AFYONKARAHİSAR İL KÜLTÜR VE TURİZM MÜDÜRLÜĞÜ

Ölümle İlgili Adet ve İnanışlar

Yaşamın son geçiş dönemlerinden olan ölüm adet ve inanışları, çoğunlukla dinsel motifler içerisinde yapılmaktadır. Cenaze işleminin duyurulması, cenazenin yıkanması ve gömülmesi usul ve adetlerinde dinsel geleneklere uygun olarak yapılır. Mezara gömülmesinden sonraki gelenekler; diğer bölgelerdeki geleneklerden farklı değildir.

-Ölü evinde aş kaynamaz.

-“Ölüyü böreksiz, düğünü beleksiz(hediyesiz) yapma” diye bir söz vardır.

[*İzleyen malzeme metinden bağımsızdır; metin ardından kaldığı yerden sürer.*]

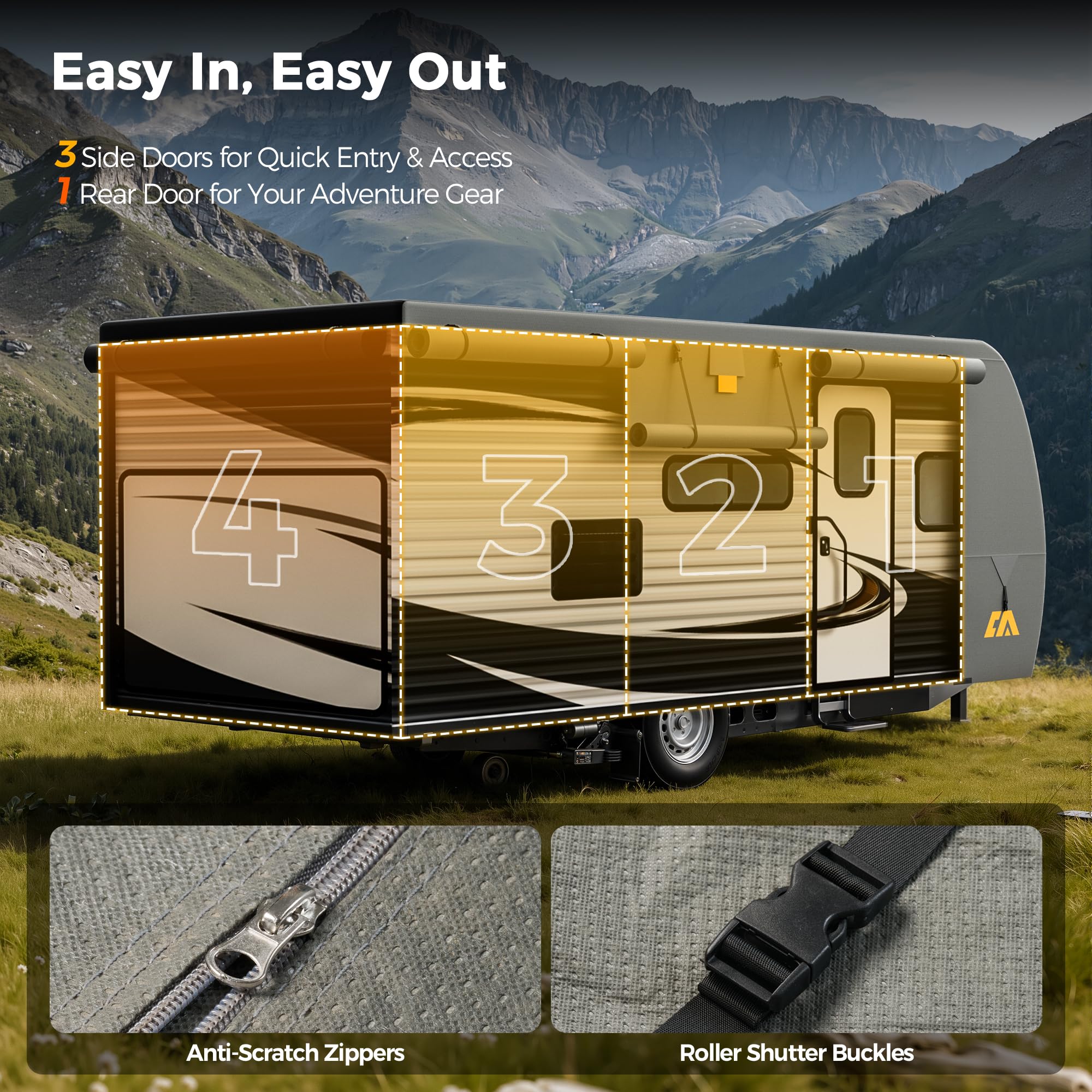 CAMMOO RV Cover storage bag keeps components organized and portable.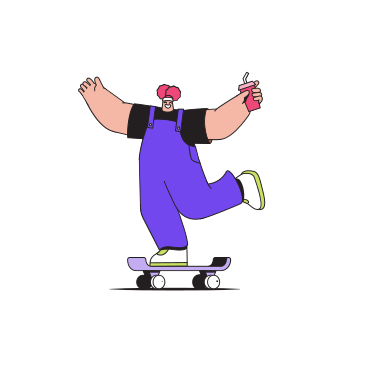 Girl with drink on skateboard animated illustration in GIF, Lottie (JSON), AE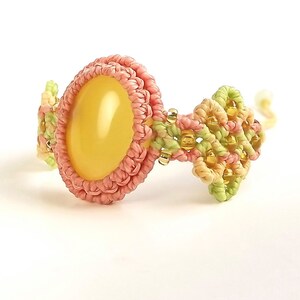 Pastel Macrame Bracelet, Yellow Chalcedony Bracelet, Boho Bracelet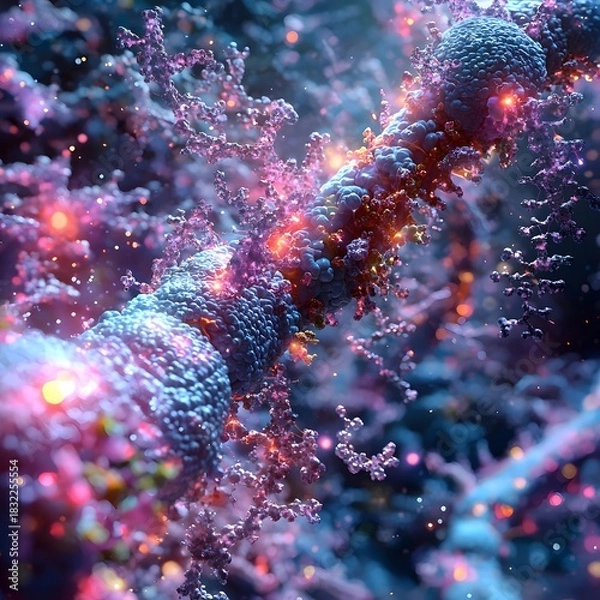 Obraz Microscopic view of dna structure with vibrant colors and intricate details for scientific visualization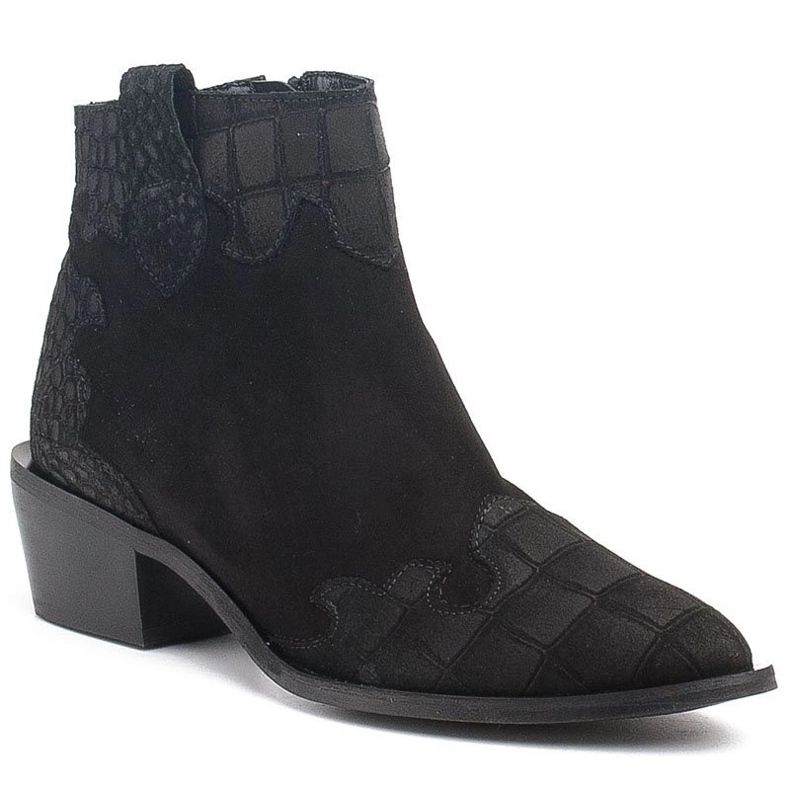 Marco Shoes Černé kozačky z přírodního semiše bez izolace černý 1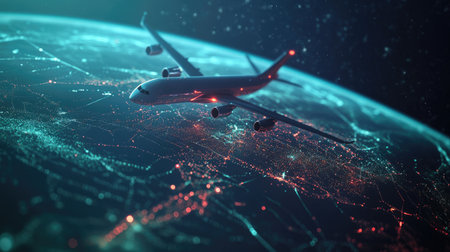 Strategic route planning: Interface displaying planned airfreight routes, highlighting the technology behind route optimization in logisticsの素材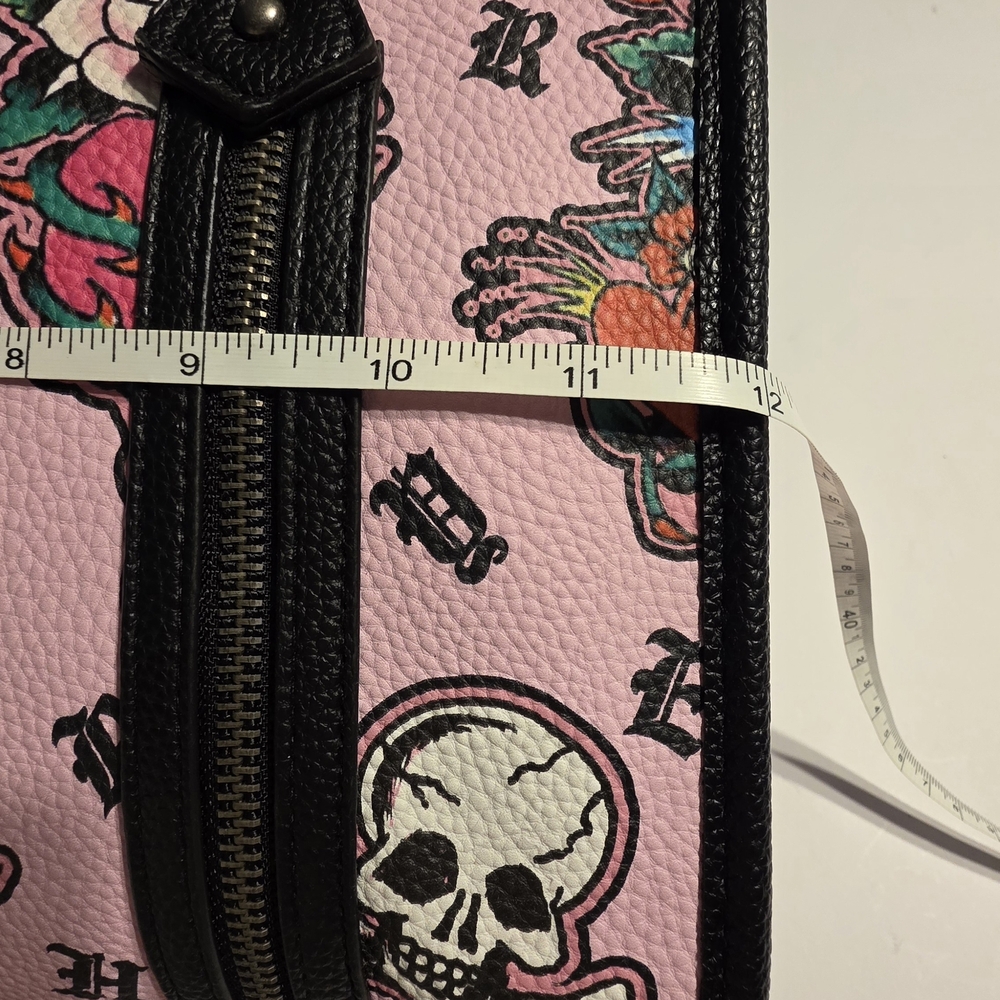 Ed Hardy Pink Skull Floral Hearts Women's Bag Satchel Crossbody NWT Retail $99 - Picture 15 of 16
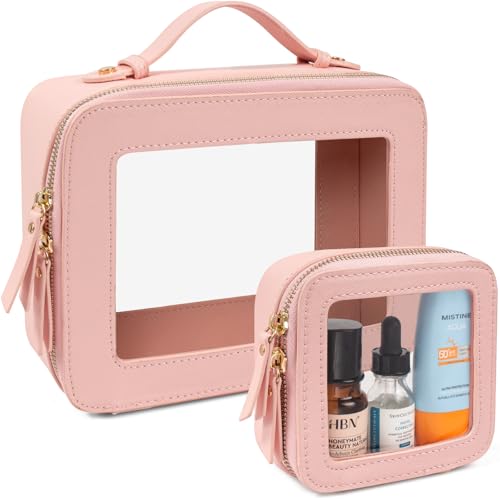 Image of LETGO Clear Makeup Bag Mahjong Tile Bag with Zipper and Handle| Structured Large Travel Makeup Bag for Toiletries for Women,Travel Cosmetic Case,Waterproof PU Leather,Wide Opening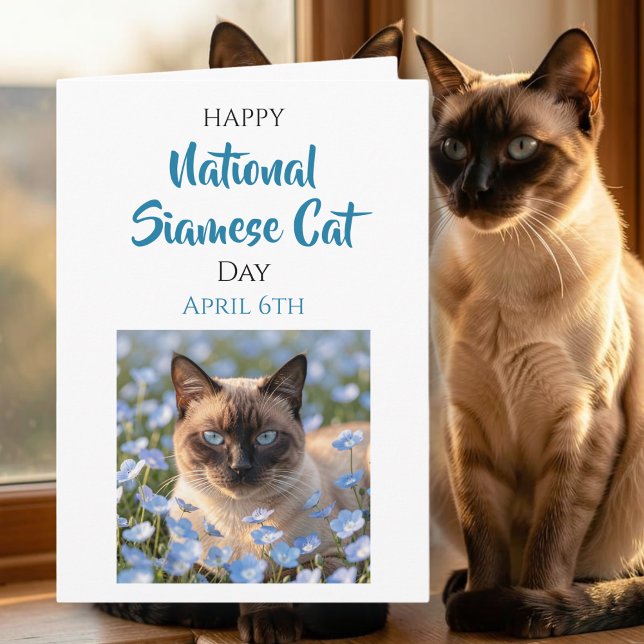 Cartão Happy National Siamese Cat Day | April 6th (Criador carregado)
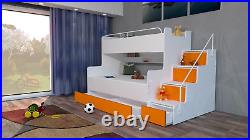 Modern Bedroom Kids Youth Boy Or Girl Double Triple Bunk Bed Storage Mattresses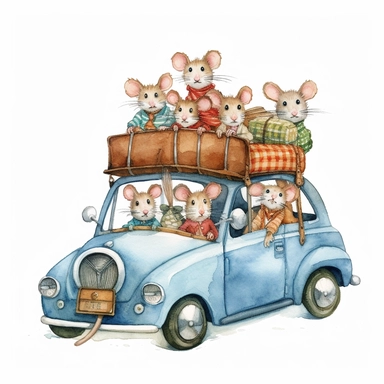 a father mouse driving a car with family going on vacation, detailed, hd, watercolor, clipart, white background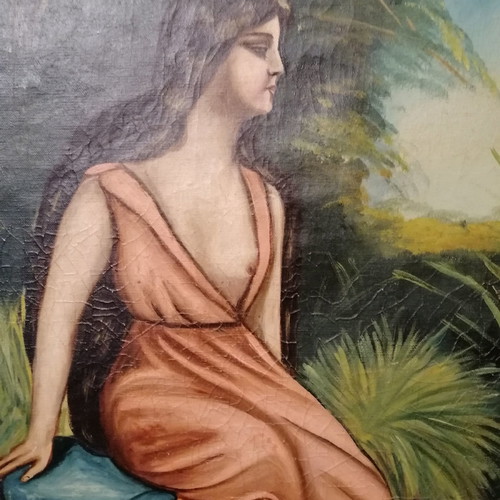 Έλαιογραφία μεταχειρισμένη του 1928 σε μουσαμά με κορνίζα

Dolayısıyla ölü evine yemek getiremeyen eş-dost şeker, pirinç, yağ gibi ihtiyaçları getirir.

-Ölünün gömüldüğü günün ertesi günü cenaze yakınlarından birisi “sabah ziyareti falanca camiden” diyerek seslenir ve ertesi günü belirlenen camiden sabah namazı sonrasında mezarlığa gidilerek yasin okunur. Bu ziyarete gelenlere de dört başı mamur kahvaltı yaptırılır. Defnedildikten sonraki Perşembe günü “son günü”ne buyrun denilerek yemek verilir. Yemekten sonra kuran, mevlüt okunur.

-Ölünün kırkında ve elli ikisinde yine aynı dualar okunarak pide, bükme veya pişi ikram edilir.

-Ölen kişi genç ise cenaze sahibi düğüne çalgılı çengili yerlere gitmez.

-Genç yaşta ölen bir kadının kocası yeniden evlenmek isterse yakın akrabasından bir erkek evleneceği gün mezarın hece tahtasına boduçu(pişmiş toprak testi) çarparak kırar ve “kulağın duymasın kocan bugün evleniyor” diyerek mezara seslenir. Burada amaç muradını almadan ölen kadının gözünün arkada kalmaması ve yeni aileyi huzursuz bırakmamasıdır.

-“Gelinle cenaze beklemez, vakti gelince uçurulur” düşüncesi ile yaşamın devamını sağlayan her iki olayda adet ve gelenekler çerçevesinde gerçekleştirilir. Ancak düğünde eğlence yapılmaz.

İlimizde ayrıca, “imece, aşure, sıra geceleri (gezekler)” gibi gelenekler de vardır.